O'Neill Patricia A, Kirton Orlando C, Dresner Lisa S, Tortella Bartholomew, Kestner Mark M
Department of Surgery, SUNY Downstate medical Center and Kings County Hospital Center, Brooklyn, New York 11203,
J Trauma. 2004 Feb;56(2):304-12; discussion 312-3. doi: 10.1097/01.TA.0000109856.25273.07.
Fecal contamination from colon injury has been thought to be the most significant factor for the development of surgical site infection (SSI) after trauma. However, there are increasing data to suggest that other factors may play a role in the development of postinjury infection in patients after colon injury. The purpose of this study was to determine the impact of gastric wounding on the development of SSI and nonsurgical site infection (NSSI) in patients with colon injury.
Post hoc analysis was performed on data prospectively collected for 317 patients presenting with penetrating hollow viscus injury. One hundred sixty-two patients with colon injury were subdivided into one of three groups: patients with isolated colon wounds (C), patients with colon and stomach wounds with or without other organ injury (C+S), and patients with colon and other organ injury but no stomach injury (C-S) and assessed for the development of SSI and NSSI. Infection rates were also determined for patients who sustained isolated gastric injury (S) and gastric injury in combination with other injuries other than colon (S-C). Penetrating Abdominal Trauma Index, operative times, and transfusion were assessed. Discrete variables were analyzed by Cochran-Mantel-Haenszel chi2 test and Fisher's exact test. Risk factor analysis was performed by multivariate logistic regression.

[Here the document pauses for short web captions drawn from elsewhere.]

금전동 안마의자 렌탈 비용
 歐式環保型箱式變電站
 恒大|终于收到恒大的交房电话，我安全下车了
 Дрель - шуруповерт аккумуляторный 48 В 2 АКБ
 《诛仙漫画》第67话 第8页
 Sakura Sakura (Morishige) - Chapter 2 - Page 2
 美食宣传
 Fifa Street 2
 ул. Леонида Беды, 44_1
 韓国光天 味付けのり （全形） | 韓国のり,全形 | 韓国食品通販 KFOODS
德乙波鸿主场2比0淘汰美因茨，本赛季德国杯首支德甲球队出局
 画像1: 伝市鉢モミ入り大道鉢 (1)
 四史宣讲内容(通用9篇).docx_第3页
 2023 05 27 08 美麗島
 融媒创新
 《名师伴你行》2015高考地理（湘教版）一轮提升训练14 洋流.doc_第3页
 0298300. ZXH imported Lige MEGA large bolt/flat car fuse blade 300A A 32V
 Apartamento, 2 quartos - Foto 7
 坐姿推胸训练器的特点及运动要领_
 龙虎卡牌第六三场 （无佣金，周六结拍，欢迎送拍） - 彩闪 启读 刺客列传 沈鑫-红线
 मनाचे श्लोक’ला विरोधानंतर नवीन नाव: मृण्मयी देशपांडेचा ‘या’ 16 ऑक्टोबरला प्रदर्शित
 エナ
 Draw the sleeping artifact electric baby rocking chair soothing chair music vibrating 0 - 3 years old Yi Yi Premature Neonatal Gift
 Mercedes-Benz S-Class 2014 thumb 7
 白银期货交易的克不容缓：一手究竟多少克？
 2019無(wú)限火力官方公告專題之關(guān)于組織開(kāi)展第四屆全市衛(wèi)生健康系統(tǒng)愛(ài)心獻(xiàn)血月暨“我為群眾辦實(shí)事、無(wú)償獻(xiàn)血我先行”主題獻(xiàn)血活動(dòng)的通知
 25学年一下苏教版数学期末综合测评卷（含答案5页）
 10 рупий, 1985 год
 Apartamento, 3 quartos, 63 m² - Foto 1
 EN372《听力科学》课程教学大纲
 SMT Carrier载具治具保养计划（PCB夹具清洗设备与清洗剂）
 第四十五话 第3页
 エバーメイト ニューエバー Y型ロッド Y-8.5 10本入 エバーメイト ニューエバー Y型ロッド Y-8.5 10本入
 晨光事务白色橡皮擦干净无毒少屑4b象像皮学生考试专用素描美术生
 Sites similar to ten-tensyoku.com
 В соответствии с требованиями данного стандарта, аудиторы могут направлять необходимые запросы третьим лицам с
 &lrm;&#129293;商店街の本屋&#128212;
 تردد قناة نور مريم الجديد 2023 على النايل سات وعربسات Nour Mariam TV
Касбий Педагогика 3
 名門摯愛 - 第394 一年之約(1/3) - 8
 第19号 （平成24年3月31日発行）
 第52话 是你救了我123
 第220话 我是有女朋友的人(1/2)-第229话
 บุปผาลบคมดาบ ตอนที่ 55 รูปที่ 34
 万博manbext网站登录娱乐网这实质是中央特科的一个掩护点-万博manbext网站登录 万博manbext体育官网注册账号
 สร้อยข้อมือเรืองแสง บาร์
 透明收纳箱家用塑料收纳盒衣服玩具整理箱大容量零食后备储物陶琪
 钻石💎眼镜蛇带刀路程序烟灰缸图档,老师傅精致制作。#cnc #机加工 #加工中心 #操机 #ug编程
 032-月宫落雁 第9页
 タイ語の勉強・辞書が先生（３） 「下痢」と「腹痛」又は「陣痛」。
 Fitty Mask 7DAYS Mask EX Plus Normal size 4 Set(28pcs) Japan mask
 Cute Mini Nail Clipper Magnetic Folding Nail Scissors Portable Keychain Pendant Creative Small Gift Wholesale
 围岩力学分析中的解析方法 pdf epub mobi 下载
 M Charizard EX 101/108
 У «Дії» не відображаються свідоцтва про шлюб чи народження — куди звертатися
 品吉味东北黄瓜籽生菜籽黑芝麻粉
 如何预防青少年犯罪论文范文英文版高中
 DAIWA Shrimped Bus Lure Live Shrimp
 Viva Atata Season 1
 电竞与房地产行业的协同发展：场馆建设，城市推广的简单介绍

C+S patients had a higher rate of SSI infection (31%) than C patients (3.6%) (p=0.008) and C-S patients (13%) (p=0.021). Similarly, the incidence of NSSI was also significantly greater in the C+S group (37%) compared with the C patients (7.5%) (p=0.07) and the C-S patients (17%) (p=0.019). There was no difference in the rate of SSI or NSSI between the C and C-S groups (p=0.3 and p=0.24, respectively). The rate of SSI was significantly greater in the C+S patients when compared with the S-C patients (31% vs. 10%, p=0.008), but there was no statistical difference in the rate of NSSI in the C+S group and the S-C group (37% vs. 24%, p=0.15).
The addition of a gastric injury to a colon injury has a synergistic effect on the rate of postoperative infection.
结肠损伤导致的粪便污染一直被认为是创伤后手术部位感染(SSI)发生的最重要因素。然而,越来越多的数据表明,其他因素可能在结肠损伤患者的伤后感染发生中起作用。本研究的目的是确定胃损伤对结肠损伤患者手术部位感染和非手术部位感染(NSSI)发生的影响。
对前瞻性收集的317例穿透性中空脏器损伤患者的数据进行事后分析。162例结肠损伤患者被分为三组之一:单纯结肠损伤患者(C组)、伴有或不伴有其他器官损伤的结肠和胃损伤患者(C+S组)、结肠和其他器官损伤但无胃损伤患者(C-S组),并评估手术部位感染和非手术部位感染的发生情况。还确定了单纯胃损伤患者(S组)以及除结肠外合并其他损伤的胃损伤患者(S-C组)的感染率。评估穿透性腹部创伤指数、手术时间和输血情况。离散变量采用Cochran-Mantel-Haenszel卡方检验和Fisher精确检验进行分析。通过多因素逻辑回归进行危险因素分析。
C+S组患者的手术部位感染率(31%)高于C组患者(3.6%)(p=0.008)和C-S组患者(13%)(p=0.021)。同样,C+S组的非手术部位感染发生率(37%)也显著高于C组患者(7.5%)(p=0.07)和C-S组患者(17%)(p=0.019)。C组和C-S组之间的手术部位感染率或非手术部位感染率无差异(分别为p=0.3和p=0.24)。与S-C组患者相比,C+S组患者的手术部位感染率显著更高(31%对10%,p=0.008),但C+S组和S-C组的非手术部位感染率无统计学差异(37%对24%,p=0.15)。
结肠损伤合并胃损伤对术后感染率有协同作用。